E’ del 15 settembre una delle ultime sentenze, scritte dai giudici della Corte di Cassazione, in materia di non punibilità (ex art. 131 bis c.p.) della guida in stato di ebrezza (Cass. n. 42255/2017). La notizia ha già iniziato a circolare sui social ma attenzione a cosa si legge e, ancor prima, a cosa si scrive!
Perché il rifiuto di sottoporsi all’alcoltest continua ad essere un reato e, anche se, in determinati casi si potrebbe beneficiare della non punibilità, casi che non si limitano al rifiuto ma possono riguardare anche chi ha “soffiato”, resta il fatto che la sospensione ed eventualmente la revoca della patente verranno comunque irrogate dal Prefetto.

E’ vero, infatti, che i giudici di legittimità hanno dichiarato non punibile un’automobilista che si era  rifiutato di sottoporsi al test ma è altrettanto vero che lo hanno stabilito in quanto il fatto è stato ritenuto di particolare tenuità, perché  il guidatore era giovane, incensurato e la sua condotta non aveva causato “nessun effettivo pregiudizio alla circolazione e alla incolumità degli utenti della strada”.
In sostanza non c’è stata nessuna depenalizzazione e non esiste un nuovo trucco per aggirare il sistema!

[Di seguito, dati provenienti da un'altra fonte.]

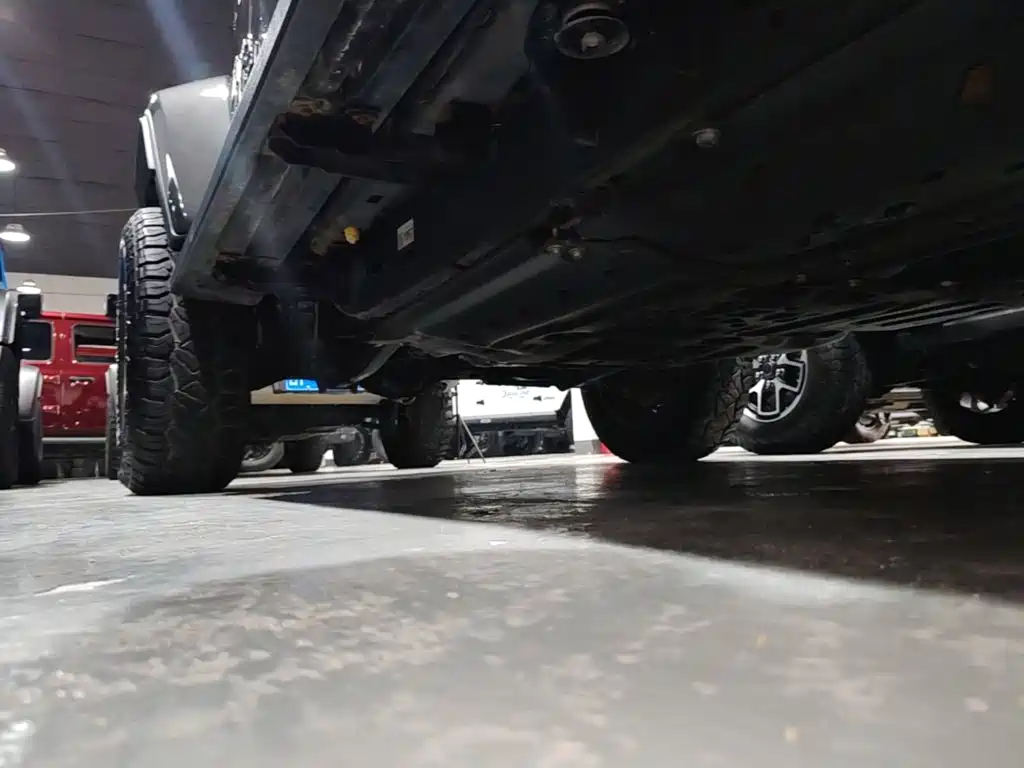 Jeep Wrangler — фото 22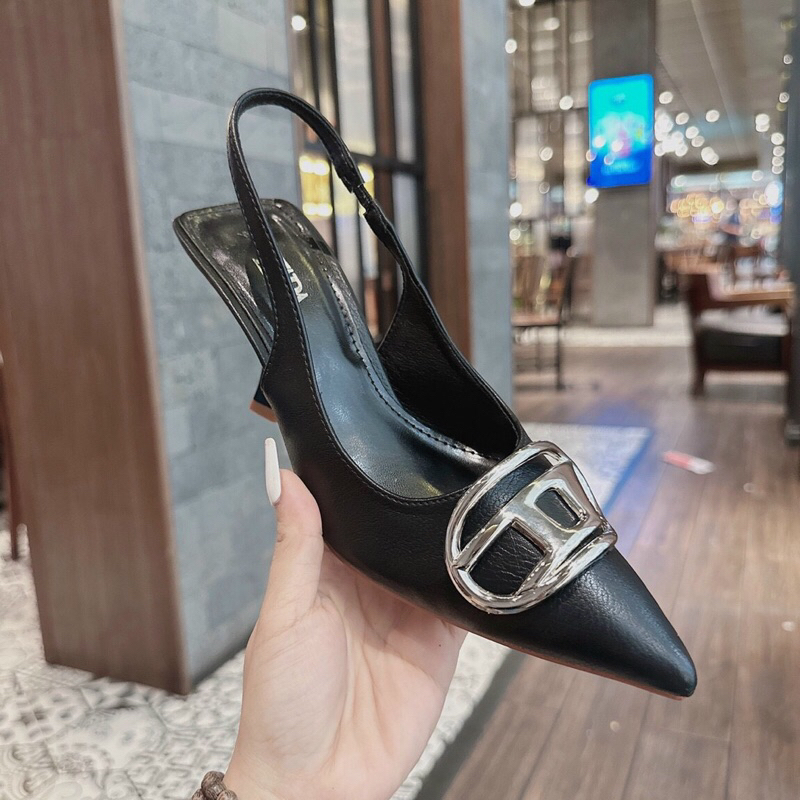 Gót D Siêu hot cập bến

Chi si occupa della materia sa che l’interpretazione dei giudici di legittimità, espressa nella sentenza in commento, non è affatto una novità; già dal 2015, infatti, la Cassazione ha applicato, in alcuni casi, la non punibilità, prevista dall’art. 131 bis c.p., ai reati di guida in stato di ebrezza (tra le prime Cass. n. 44132/2015) ma ha anche delineato tutta una serie di elementi da valutare che nulla centrano col sottoporsi o meno all’alcoltest.
Secondo la Cassazione, infatti, l’esclusione della punibilità per particolare tenuità del fatto può applicarsi all’art. 186 del Codice della Strada senza distinzione di sorta (dal rifiuto di sottoporsi al test alla guida con una soglia superiore a 1,51 g/l) ciò che conta sono tutta una serie di elementi che, non potendoli analizzare tutti in questo articolo, potremmo riassumere (coma fa la Corte a Sezioni Unite) nelle modalità della condotta (es. circolazione per pochi metri in un parcheggio o una strada deserta ovvero circolazione ad alta velocità in un centro urbano), l’esiguità del danno o del pericolo (nel caso di specie si tutela i beni della vita e dell’integrità personale, che sono messi certamente a rischio da chi ha commesso un incidente stradale con lesioni gravi), il grado della colpevolezza (e, aggiungo, anche dell’eventuale presenza di precedenti penali).

Ogni fatto, quindi, deve essere valutato dal giudice penale con attenzione, per verificare se lo stesso possa definirsi “tenue” o meno.